> [Dataset extract]:
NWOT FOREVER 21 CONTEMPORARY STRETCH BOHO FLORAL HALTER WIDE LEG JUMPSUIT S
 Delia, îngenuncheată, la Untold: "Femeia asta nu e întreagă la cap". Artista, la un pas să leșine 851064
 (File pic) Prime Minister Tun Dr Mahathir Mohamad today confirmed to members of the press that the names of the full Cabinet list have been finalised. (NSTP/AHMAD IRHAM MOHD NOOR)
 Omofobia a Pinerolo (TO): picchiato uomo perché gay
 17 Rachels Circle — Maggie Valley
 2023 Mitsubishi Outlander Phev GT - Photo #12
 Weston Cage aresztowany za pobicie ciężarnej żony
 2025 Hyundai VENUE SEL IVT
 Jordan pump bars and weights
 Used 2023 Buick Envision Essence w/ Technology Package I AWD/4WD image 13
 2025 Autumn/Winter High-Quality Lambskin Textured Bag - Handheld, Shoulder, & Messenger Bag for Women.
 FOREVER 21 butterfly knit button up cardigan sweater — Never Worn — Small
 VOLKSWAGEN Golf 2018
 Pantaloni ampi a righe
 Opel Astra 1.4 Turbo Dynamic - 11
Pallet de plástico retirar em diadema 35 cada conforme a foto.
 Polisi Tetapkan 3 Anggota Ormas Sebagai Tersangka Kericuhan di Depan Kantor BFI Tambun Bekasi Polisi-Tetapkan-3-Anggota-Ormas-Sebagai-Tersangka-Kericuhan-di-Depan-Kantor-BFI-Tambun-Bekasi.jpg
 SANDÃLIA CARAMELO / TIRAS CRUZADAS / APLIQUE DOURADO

> [Work instruction]: Return each line of the material in which the string "FOREVER" can be found.

> [Your solution]:
NWOT FOREVER 21 CONTEMPORARY STRETCH BOHO FLORAL HALTER WIDE LEG JUMPSUIT S
 FOREVER 21 butterfly knit button up cardigan sweater — Never Worn — Small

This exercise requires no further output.